XII - Diffraction of light by ultrasonic waves

Summary

IN Chapters I and II it was shown that the propagation of electromagnetic waves may be studied either by using Maxwell's equations, supplemented by the material equations, or by means of certain integral equations which utilize the polarization properties of the medium. In particular, either of these methods may also be applied to the study of the propagation of light through a medium whose density depends on space coordinates and on time. Though the former method has been used extensively in the past, the latter has only more recently been applied to such studies. In this chapter we shall apply the integral equation method to the problem of diffraction of light by a transparent homogeneous medium, disturbed by the passage of ultrasonic waves. It will be useful, however, to give first a qualitative description of this diffraction phenomenon and a brief summary of the theoretical work on this problem based on Maxwell's differential equations.
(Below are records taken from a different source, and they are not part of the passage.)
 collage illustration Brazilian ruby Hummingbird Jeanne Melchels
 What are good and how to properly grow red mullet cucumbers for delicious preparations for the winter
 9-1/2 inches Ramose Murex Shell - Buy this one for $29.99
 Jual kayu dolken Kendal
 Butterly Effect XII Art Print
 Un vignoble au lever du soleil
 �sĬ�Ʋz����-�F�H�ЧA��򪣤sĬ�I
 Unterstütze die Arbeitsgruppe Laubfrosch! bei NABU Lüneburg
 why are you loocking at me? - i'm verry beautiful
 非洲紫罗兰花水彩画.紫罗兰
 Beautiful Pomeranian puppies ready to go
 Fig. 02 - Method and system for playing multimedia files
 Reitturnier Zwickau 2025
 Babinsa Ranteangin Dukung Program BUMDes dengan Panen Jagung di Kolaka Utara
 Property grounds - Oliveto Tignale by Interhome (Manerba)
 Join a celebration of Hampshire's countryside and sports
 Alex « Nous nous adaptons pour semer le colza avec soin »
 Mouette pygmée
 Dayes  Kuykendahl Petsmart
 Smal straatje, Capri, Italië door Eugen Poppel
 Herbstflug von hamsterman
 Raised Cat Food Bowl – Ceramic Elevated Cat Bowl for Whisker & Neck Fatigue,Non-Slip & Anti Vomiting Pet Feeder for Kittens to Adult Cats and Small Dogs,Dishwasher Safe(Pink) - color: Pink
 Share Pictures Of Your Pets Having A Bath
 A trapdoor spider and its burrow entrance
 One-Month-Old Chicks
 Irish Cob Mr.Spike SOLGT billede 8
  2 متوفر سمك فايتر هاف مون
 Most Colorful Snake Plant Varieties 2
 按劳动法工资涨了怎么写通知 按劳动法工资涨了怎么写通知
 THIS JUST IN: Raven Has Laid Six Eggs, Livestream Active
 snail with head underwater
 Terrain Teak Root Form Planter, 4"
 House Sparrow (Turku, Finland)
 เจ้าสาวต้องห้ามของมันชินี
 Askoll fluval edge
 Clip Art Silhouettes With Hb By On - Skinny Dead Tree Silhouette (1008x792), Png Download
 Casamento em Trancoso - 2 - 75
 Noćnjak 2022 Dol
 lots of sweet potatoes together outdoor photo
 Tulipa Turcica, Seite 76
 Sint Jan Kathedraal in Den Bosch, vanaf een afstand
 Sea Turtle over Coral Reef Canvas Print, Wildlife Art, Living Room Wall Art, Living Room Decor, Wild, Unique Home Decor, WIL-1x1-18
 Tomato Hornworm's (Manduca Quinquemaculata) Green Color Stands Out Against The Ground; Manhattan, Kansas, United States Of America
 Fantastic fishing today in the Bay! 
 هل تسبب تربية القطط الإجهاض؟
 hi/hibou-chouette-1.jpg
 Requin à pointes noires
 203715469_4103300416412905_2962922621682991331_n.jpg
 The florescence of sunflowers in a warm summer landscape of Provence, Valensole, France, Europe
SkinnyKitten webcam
Qualitative description of the phenomenon and summary of theories based on Maxwell's differential equations

Qualitative description of the phenomenon

Ultrasonic waves are sound waves whose frequencies are higher than those of waves normally audible to the human ear. The angular frequencies of the ultrasonic waves produced in laboratories lie from about 10⁵ s^-1 to about 3 X 10⁹ s^-1, the former value representing the limit of audibility of the human ear. The corresponding range of wavelengths A of course depends on the velocity v of these waves in the medium in which they travel.